Healthcare inequities were front and center at the most recent annual meeting of the American Academy of Neurology (AAN), which included a Health Care Equity Symposium and no less than 21 sessions focused entirely on equality, diversity, and inclusion (EDI).
EDI is not new to the academy with previous initiatives including:
Through their educational efforts at this year’s meeting, the AAN called further attention to these issues and urged neurologists to take up the call in their own practices, if they haven’t already.
Dr. Elaine Jones, who sits on the EDIJCC and chairs the board’s gender disparities work group, offered some advice for private practices on how to increase diversity and create a more inclusive work environment.
Survey Your Own Staff
A simple way to start is to look at your organizational culture and staff diversity. When hiring someone new, consider mirroring the diversity of your community and the patients you serve.
Jones said that increased diversity in private practice has helped many practices:
- Increase creativity in problem solving
- Foster better decision making
- Expand profitability and productivity
- Enhance employee engagement
- Boost patient retention and referrals
Include your current staff in discussions around the issues of equity, diversity, and inclusion, and work together to develop policies to guide your move forward, she added.
Develop an EDI Policy
Even if you are just beginning this process, Jones advised letting the people who come into your office know about it. Draft a statement and put it in a prominent place, to indicate that this is something important to your practice.
Use clear and active language to draft your statement. For example:
- “We are an anti-racist or anti-discriminatory practice. Please ask what is being done and offer feedback and suggestions.”

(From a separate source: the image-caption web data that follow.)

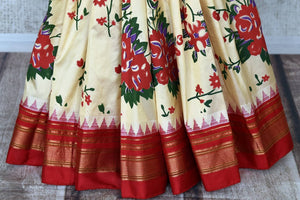 Shop stunning cream floral print Gadhwal silk sari online in USA with red zari border. Be the center of attraction at weddings and special occasions in exquisite designer sarees, handwoven silk saris, organza sarees, pure silk saris from Pure Elegance Indian fashion store in USA.-pleats
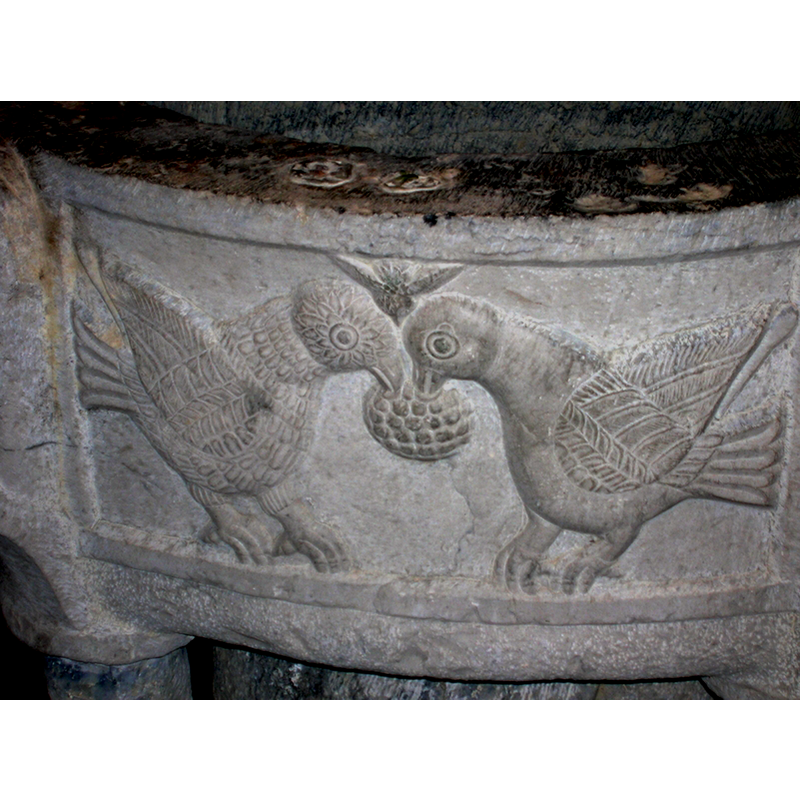 notice the detailed carving on the bird on the left; by contrast, only the wing and tail of the bird on the right are detailed -- notice also the plugged holes in the upper rim, anchorage points for an earlier font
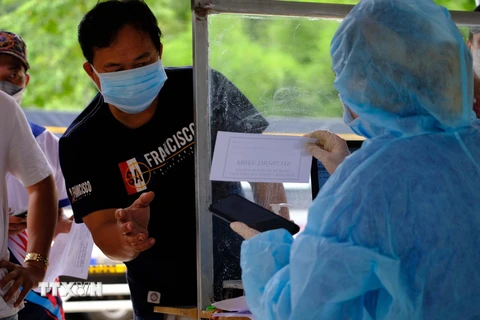 Lực lượng y tế kiểm tra lại thông tin của một tài xế tại khu vực khai báo y tế, xuất trình các giấy tờ liên qua khi đi qua trạm kiểm soát COVID-19 trên quốc lộ 20, tỉnh Lâm Đồng. (Ảnh: Nguyễn Dũng - TTXVN)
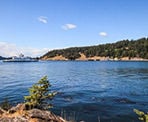 A view from Roesland of the ferry arriving at Pender Island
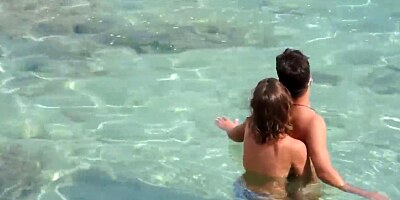 Nude babe caught jerking her BF's cock on the beach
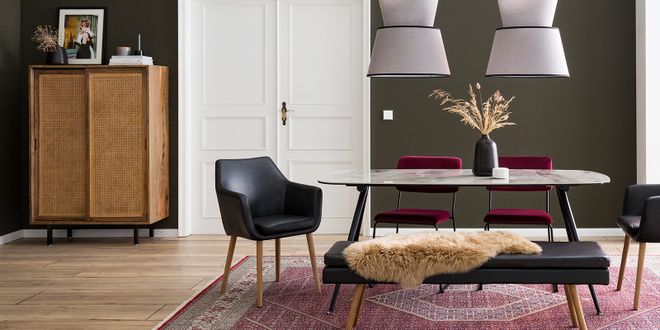 Wohnzimmer mit einem Marmortisch, einem Ledersessel, einer Rattankommode und roten Samtstühlen.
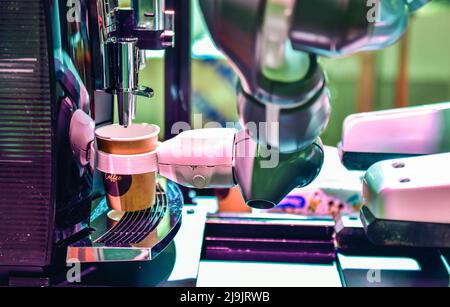 Automatic technology in beverage shop, artificial intelligence, robotic arm serving in coffee shop. Stock Photo
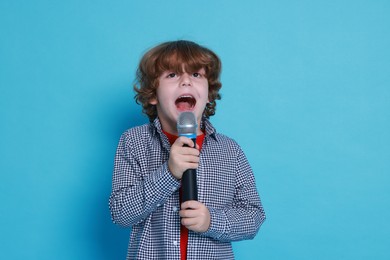 Little boy with microphone pretending to be singer on light blue background. Dreaming about future profession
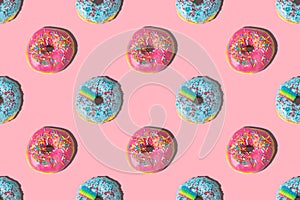 Repeating pattern of pink and blue donuts on a pink background. Flat lay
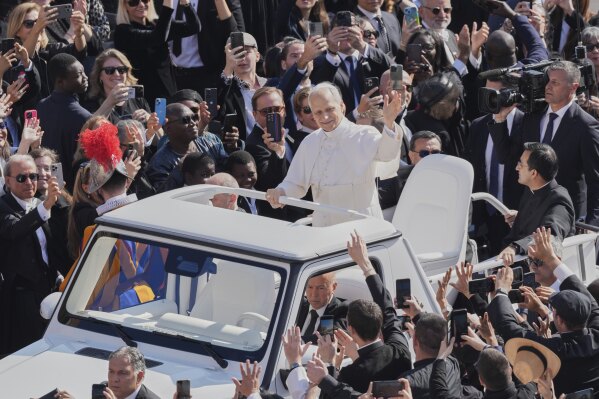 Pope Leo XIV waves from aboard the popemobile as he is driven through the crowd for the formal inauguration of his pontificate with a Mass in St. Peter's Square attended by heads of state, royalty and ordinary faithful, Sunday, May 18, 2025. (AP Photo/Stefano Costantino)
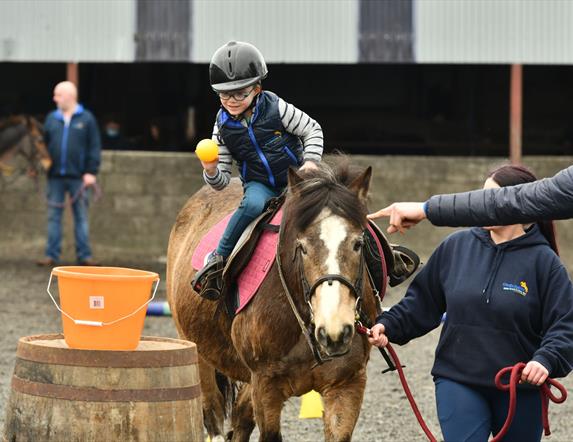 a child aims a ball towards a bucket while on horseback as Crindle Stables' instructors lead the horse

- “This office appreciates the diversity of human beings and does not discriminate based on race, age, religion, ability, marital status, sexual orientation, sex or gender identity or expression.”
- “Equal care will be provided to all patients, regardless of age, race, ethnicity.”
Jones also recommended adopting a “no tolerance policy” and calling people out when they exhibit behavior that is inconsistent with your policy.
If someone makes a disparaging remark, “you don’t have to be rude about it, but you definitely don’t want to just let it pass either. That’s how you actively make change,” she said.
Setting a policy and engaging in better behavior is just the start in our journey toward improving healthcare equity. Jones encouraged everyone to seek out the many resources available to help you along the way, including the following books:
- How to Be an Antiracist by Ibram X. Kendi
- A Black Man in a White Coat by Dr. Damon Tweedy
- Medical Apartheid: The Dark History of Medical Experimentation on Black Americans from Colonial Times to the Present by Harriet A. Washington
Additional resources can be found on the AAN IDEAS (Inclusion, Diversity, Equity, Anti-racism, & Social justice) page.